That way your conductivity should remain constant over time.
Of course. you can make up the reconstituted RO water with 1/2 of the
salts and just add 2 gallons of that half-strength water!
> Date: Fri, 2 Jun 2000 20:03:46 -0400
> From: "Kevin Zippel" <kczippel at worldnet_att.net>
> Subject: cellar chemistry #1
> As I said in a previous post, I never worried much about tap-water quality
> until it was a problem. Now that I have studied it and understand it
> better, I worry about it a lot! [ignorance is bliss?!] At first, I was
> using RO water just as a base to reconstruct tap water.

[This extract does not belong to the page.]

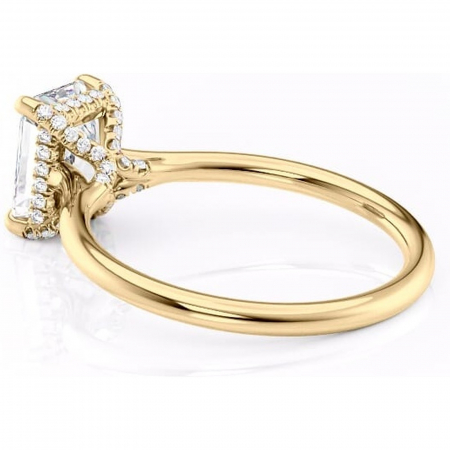 Inel de logodnă Kaia din aur Galben 14kt cu moissanite tăietură radiantă – Solitar rafinată pentru profil mediu | Personalizează și configurează gratuit online [4]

But after I went to
> great extremes to get the initial concentrations of all the ions just right,
> evaporation would go and mess it all up by changing the concentration of
> water around my ions! Should I then be topping off with RO water before I
> do water changes, to bring all those ions back to their original
> concentrations?? Evaporating water presumably leaves its dissolved contents
> behind, concentrating the water in the tank. Adding pure RO water would
> seemingly bring it back to its original concentration, but adding
> reconstituted water might make it more concentrated with solutes (harder,
> saltier) with every top-off. The purist in me had to know how significant
> this factor really was. [yes, I have way too much spare time] I set up the
> following basement experiment:
> Three 5-gallon buckets were filled with tap water and churned with an
> airstone. When each had lost 1 gallon (20%) over time to evaporation, they
> got one of three 'water change' treatments.

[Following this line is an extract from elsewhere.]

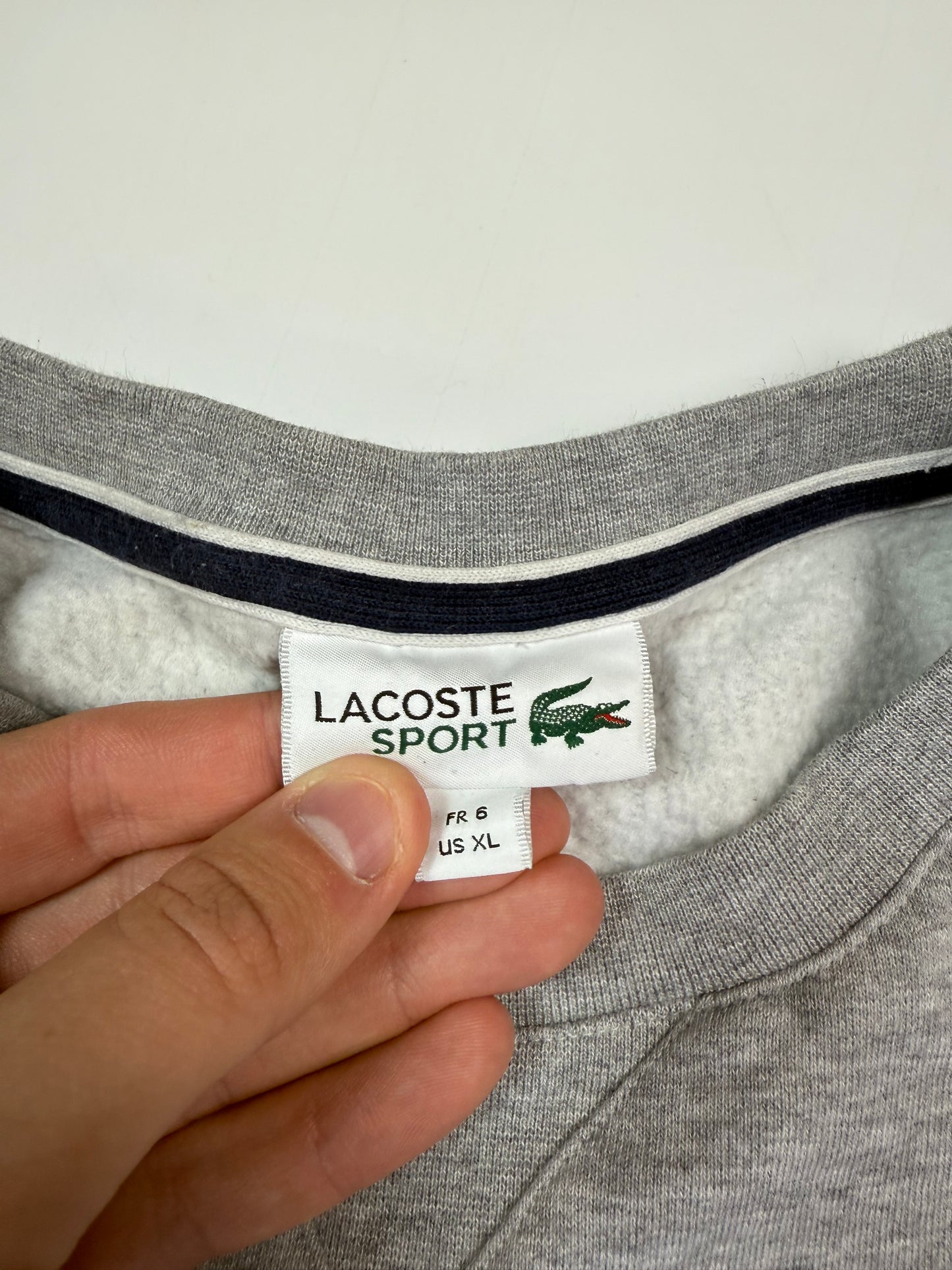 Lacoste small logo sweatshirt (XL)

> - - bucket 1 represents the lazy aquarist; the evaporated water was simply
> made up for with straight tap water and no water was changed.

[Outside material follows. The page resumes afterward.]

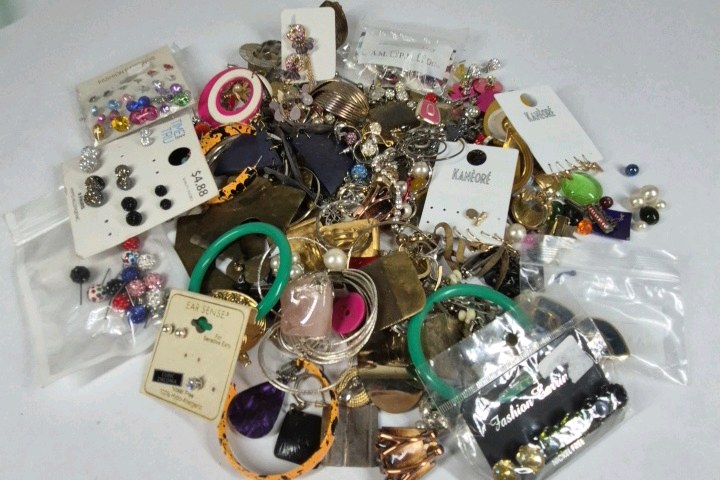 Mixed Fashion Jewelry Lot Earrings Bracelets Rings Beaded Rhinestone Assorted  Description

> - - bucket 2 represents the avaerage aquarist; after 1 gallon was lost, a
> second gallon was siphoned out and the 2 were replaced with straight tap.
> - - bucket 3 represents the anal aquarist; the evaporated gallon was replaced
> by an RO gallon before a 1 gallon water change using straight tap.
> 'Concentration' was measured with a PinPoint conductivity meter.
> Measurements were taken 1 day after water changes, as conductivity rose
> significantly over the first 24 hrs. [I don't know why it would, perhaps
> dissolved gases have some effect, but it did stabilize after a day, so I
> took all measurements only after 24 hrs]
> It's been 1 month and I just did the 3rd water change. Here's the deal thus
> date bucket 1 bucket 2 bucket 3 tap
> 5/2 start
> 5/3 215 215 215 215
> 5/13 fan added for forced convection (I got impatient!)
> 5/16 water change #1
> 5/17 261 251 218 221
> 5/24 water change #2
> 5/25 279 259 207 227
> 6/1 water change #3
> 6/2 300 275 205 227
> In just 1 month (granted, with forced convection), the lazy aquarist had
> raised conductivity by 40%. The average aquarist raised conductivity by
> 28%. The anal aquarist actually lowered conductivity (I'm guessing that's
> explained by the 'salt' stains above the water line).
> Interesting. Probably not as much an issue for the keeper of planted tanks,
> where presumably many of those extra ions are used by the plants. But it's
> food for thought/discussion.
> Kevin [really bored in Detroit] Z.